## Data extract
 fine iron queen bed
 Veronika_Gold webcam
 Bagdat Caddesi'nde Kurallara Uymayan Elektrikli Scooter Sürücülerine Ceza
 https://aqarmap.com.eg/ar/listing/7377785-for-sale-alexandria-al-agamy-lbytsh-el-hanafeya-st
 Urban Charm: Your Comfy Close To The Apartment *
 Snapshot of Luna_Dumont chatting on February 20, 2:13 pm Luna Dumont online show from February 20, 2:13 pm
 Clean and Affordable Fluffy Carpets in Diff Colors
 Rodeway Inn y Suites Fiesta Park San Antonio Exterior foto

...

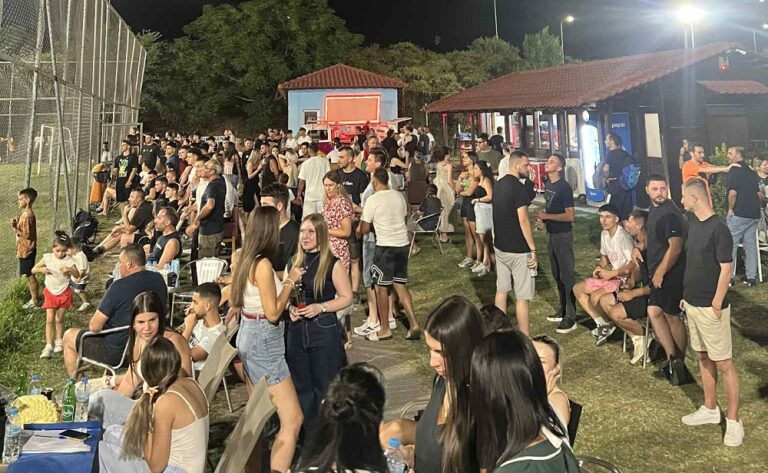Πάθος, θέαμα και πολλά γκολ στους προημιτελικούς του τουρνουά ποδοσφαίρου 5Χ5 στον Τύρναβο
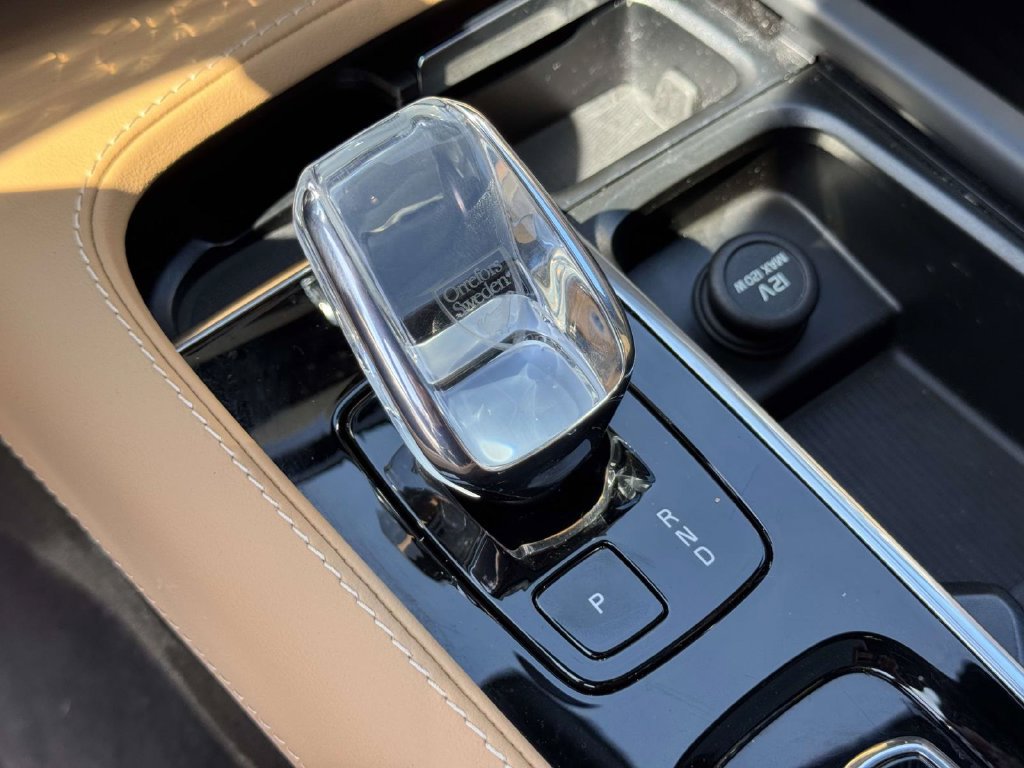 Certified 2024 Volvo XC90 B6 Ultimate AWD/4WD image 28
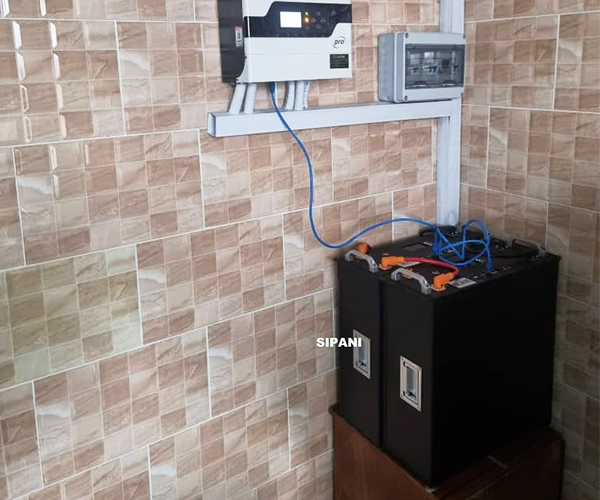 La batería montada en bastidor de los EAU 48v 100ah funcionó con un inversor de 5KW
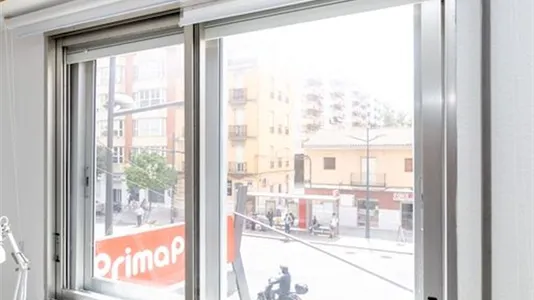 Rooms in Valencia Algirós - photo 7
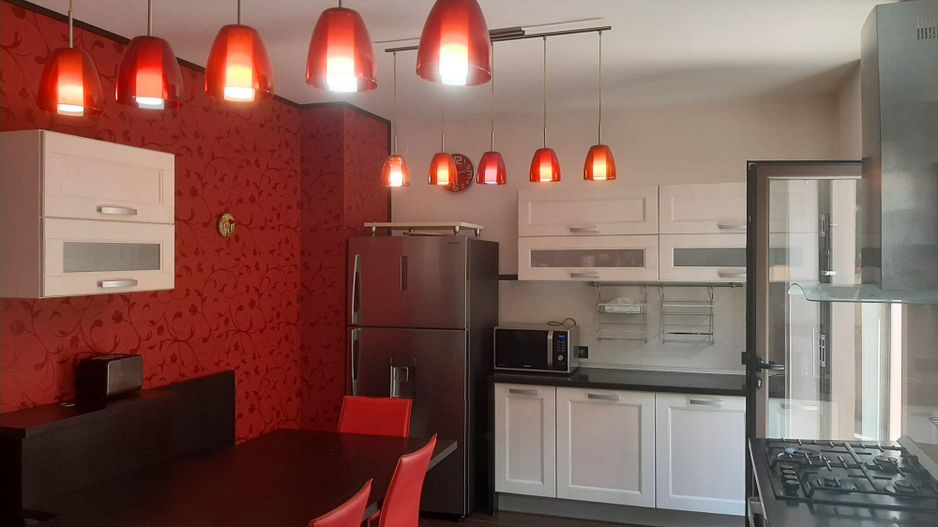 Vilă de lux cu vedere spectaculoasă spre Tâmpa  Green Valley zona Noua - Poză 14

--

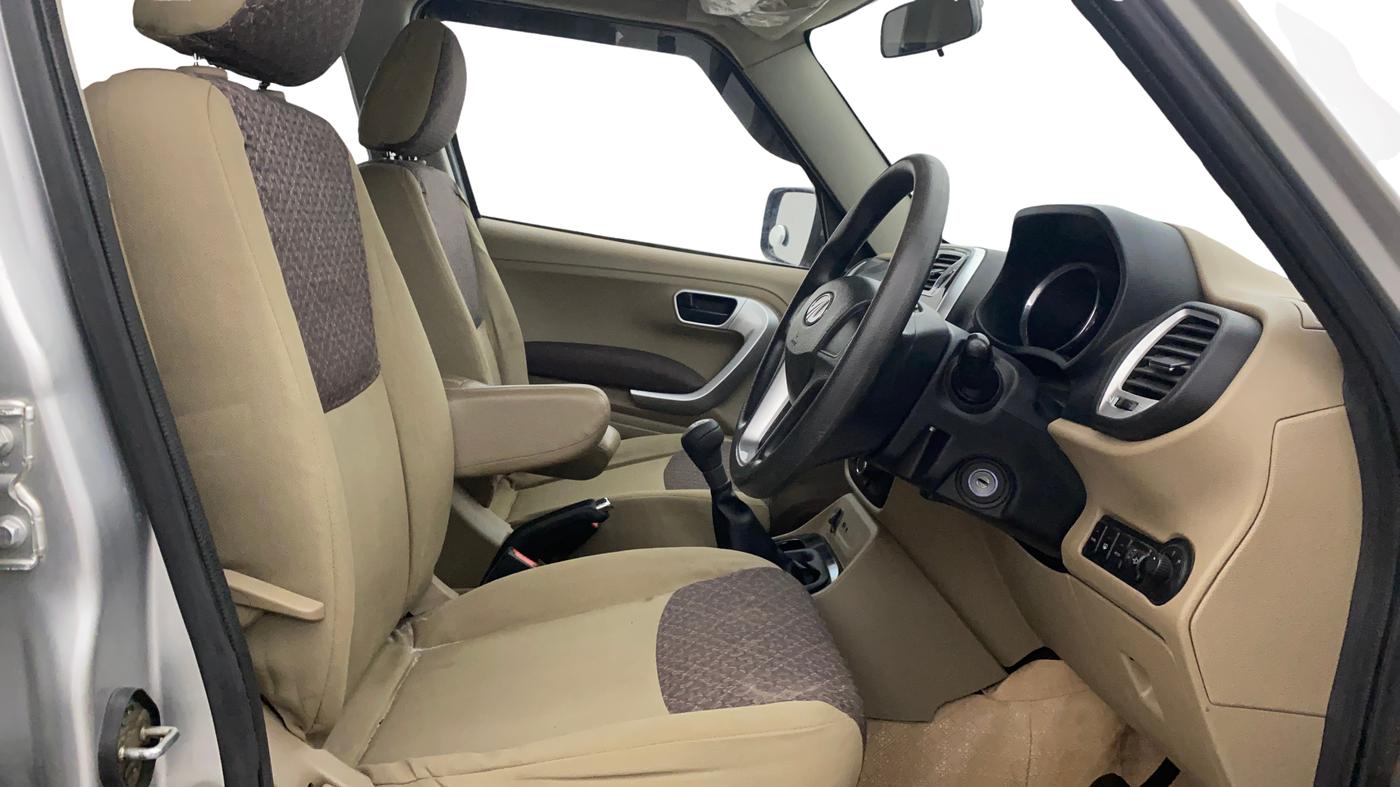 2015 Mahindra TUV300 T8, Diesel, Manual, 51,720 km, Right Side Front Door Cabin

## Work to be completed
The answer is the lines above between the line holding "fine iron queen bed" and the line holding "Rodeway Inn y", inclusive, each written out exactly, and no others.

## Exercise result
 fine iron queen bed
 Veronika_Gold webcam
 Bagdat Caddesi'nde Kurallara Uymayan Elektrikli Scooter Sürücülerine Ceza
 https://aqarmap.com.eg/ar/listing/7377785-for-sale-alexandria-al-agamy-lbytsh-el-hanafeya-st
 Urban Charm: Your Comfy Close To The Apartment *
 Snapshot of Luna_Dumont chatting on February 20, 2:13 pm Luna Dumont online show from February 20, 2:13 pm
 Clean and Affordable Fluffy Carpets in Diff Colors
 Rodeway Inn y Suites Fiesta Park San Antonio Exterior foto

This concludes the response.